What’s Up? Watts Down — More Science, Less Energy
People agree: accelerated computing is energy-efficient computing.
The National Energy Research Scientific Computing Center (NERSC), the U.S. Department of Energy’s lead facility for open science, measured results across four of its key high performance computing and AI applications.
They clocked how fast the applications ran and how much energy they consumed on CPU-only and GPU-accelerated nodes on Perlmutter, one of the world’s largest supercomputers using NVIDIA GPUs.
The results were clear. Accelerated with NVIDIA A100 Tensor Core GPUs, energy efficiency rose 5x on average. An application for weather forecasting logged gains of 9.8x.
GPUs Save Megawatts
On a server with four A100 GPUs, NERSC got up to 12x speedups over a dual-socket x86 server.
That means, at the same performance level, the GPU-accelerated system would consume 588 megawatt-hours less energy per month than a CPU-only system.
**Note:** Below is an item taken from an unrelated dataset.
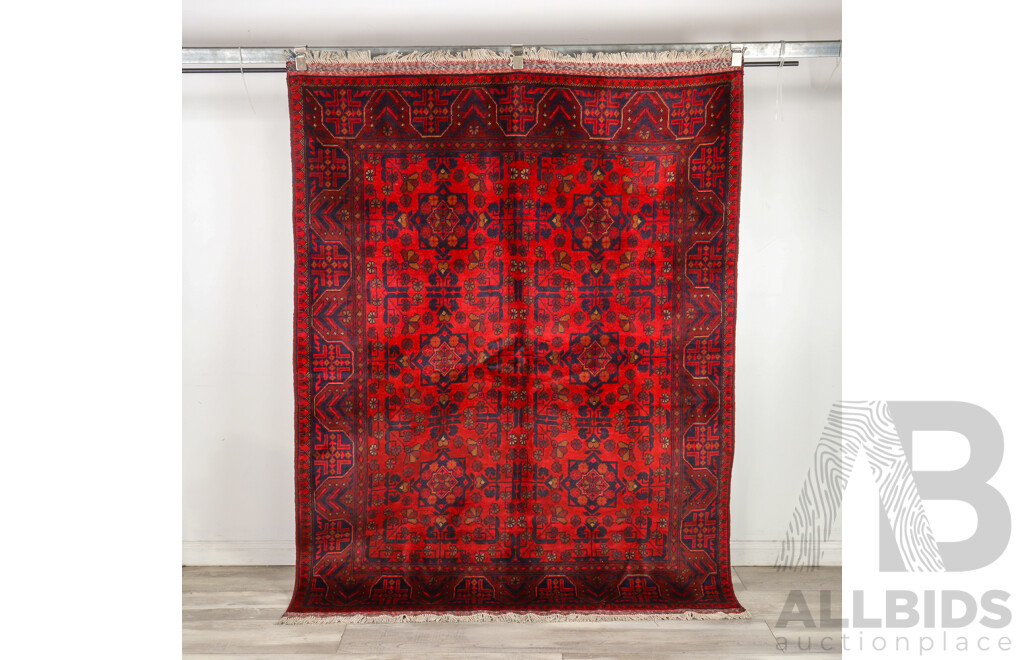 Hand Knotted Afghan Rug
Running the same workload on a four-way NVIDIA A100 cloud instance for a month, researchers could save more than $4 million compared to a CPU-only instance.
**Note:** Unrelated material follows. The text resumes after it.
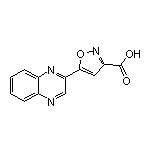 5-(2-Quinoxalinyl)isoxazole-3-carboxylic Acid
Measuring Real-World Applications
The results are significant because they’re based on measurements of real-world applications, not synthetic benchmarks.
The gains mean that the 8,000+ scientists using Perlmutter can tackle bigger challenges, opening the door to more breakthroughs.
Among the many use cases for the more than 7,100 A100 GPUs on Perlmutter, scientists are probing subatomic interactions to find new green energy sources.
Advancing Science at Every Scale
The applications NERSC tested span molecular dynamics, material science and weather forecasting.
For example, MILC simulates the fundamental forces that hold particles together in an atom. It’s used to advance quantum computing, study dark matter and search for the origins of the universe.
BerkeleyGW helps simulate and predict optical properties of materials and nanostructures, a key step toward developing more efficient batteries and electronic devices.
EXAALT, which got an 8.5x efficiency gain on A100 GPUs, solves a fundamental challenge in molecular dynamics. It lets researchers simulate the equivalent of short videos of atomic movements rather than the sequences of snapshots other tools provide.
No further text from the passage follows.